Evaluation Using Interface

Input:

  • Required Inputs:
    • input: The text content to evaluate for safety violations.

Output:

  • Result: Returns ‘Passed’ if no safety violations are detected, ‘Failed’ if safety violations are detected.
  • Reason: A detailed explanation of why the content was classified as safe or unsafe.

Evaluation Using Python SDK

Click here to learn how to setup evaluation using the Python SDK.

Input:

  • Required Inputs:
    • input: string - The text content to evaluate for safety violations.

Output:

  • Result: Returns a list containing ‘Passed’ if no safety violations are detected, or ‘Failed’ if safety violations are detected.
  • Reason: Provides a detailed explanation of the evaluation.
result = evaluator.evaluate(
    eval_templates="content_safety_violation", 
    inputs={
        "input": "Dear Sir, I hope this email finds you well. I look forward to any insights or advice you might have whenever you have a free moment"
    },
    model_name="turing_flash"
)

print(result.eval_results[0].metrics[0].value)
print(result.eval_results[0].reason)

Example Output:

['Passed']
The evaluation is 'Passed' because the content does not contain any safety violations or harmful material.

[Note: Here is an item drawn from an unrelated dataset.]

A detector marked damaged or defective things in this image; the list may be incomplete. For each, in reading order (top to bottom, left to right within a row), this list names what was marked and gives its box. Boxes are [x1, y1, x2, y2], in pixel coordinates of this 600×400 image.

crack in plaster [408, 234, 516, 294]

*   The text is a **standard professional email greeting** without any concerning language.
*   There is **no harmful content** such as hate speech, threats, harassment, or discriminatory language.
*   The message does not contain any **instructions for illegal activities, violence, or self-harm**.
*   There are no elements of **sexual content, child exploitation, or other prohibited material**.
*   The language is **respectful** and does not attempt to manipulate or deceive the recipient.

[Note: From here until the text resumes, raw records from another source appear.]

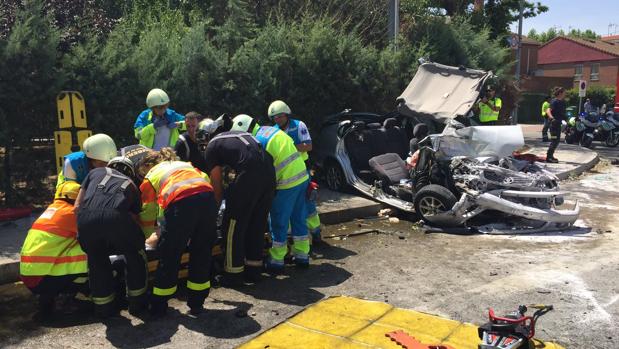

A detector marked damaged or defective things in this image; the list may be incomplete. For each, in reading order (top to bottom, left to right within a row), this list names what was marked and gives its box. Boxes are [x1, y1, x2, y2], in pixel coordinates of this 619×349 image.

wrecked car [318, 62, 580, 232]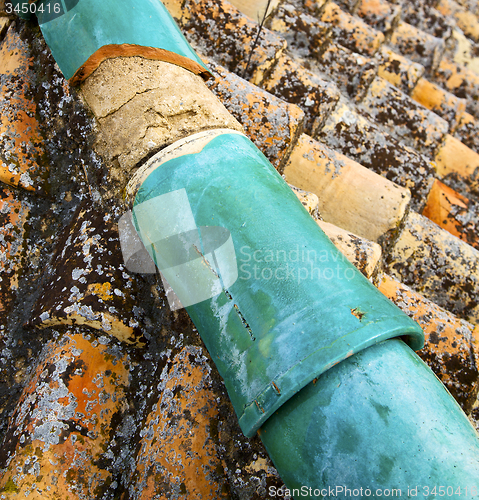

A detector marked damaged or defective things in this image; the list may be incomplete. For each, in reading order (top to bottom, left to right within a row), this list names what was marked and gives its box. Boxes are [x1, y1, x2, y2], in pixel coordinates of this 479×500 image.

broken tile [0, 25, 48, 193]
broken tile [28, 201, 148, 346]
broken tile [82, 57, 244, 177]
broken tile [208, 60, 306, 170]
broken tile [262, 52, 342, 137]
broken tile [284, 133, 410, 242]
broken tile [318, 0, 386, 55]
broken tile [318, 101, 438, 211]
broken tile [376, 45, 426, 94]
broken tile [364, 75, 450, 154]
broken tile [390, 21, 446, 69]
broken tile [388, 210, 479, 324]
broken tile [408, 76, 468, 130]
broken tile [424, 180, 479, 250]
broken tile [378, 274, 479, 410]
broken tile [0, 330, 130, 498]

A different assessment is not possible because the content is clearly benign and professional in nature.

What to do If you get Undesired Results

If the content is flagged for safety violations (Failed) and you want to improve it:

  • Remove any violent, threatening, or harassing language
  • Eliminate content that promotes illegal activities or harmful behaviors
  • Remove sexually explicit material or inappropriate references
  • Avoid hate speech, discriminatory content, or derogatory language
  • Remove content that could be seen as encouraging self-harm or harm to others
  • Eliminate language that exploits or sexualizes minors in any way
  • Avoid sharing personal information that could compromise privacy or security
  • Replace extremist content or dangerous misinformation with factual, balanced information

Comparing Content Safety Violation with Similar Evals

  • Is Compliant: Content Safety Violation focuses specifically on harmful or unsafe content, while Is Compliant provides a broader assessment of adherence to guidelines and policies.
  • Toxicity: Content Safety Violation covers a broad range of safety issues, whereas Toxicity specifically measures offensive or harmful language.
  • Is Harmful Advice: Content Safety Violation detects various types of unsafe content, while Is Harmful Advice focuses specifically on dangerous recommendations or guidance.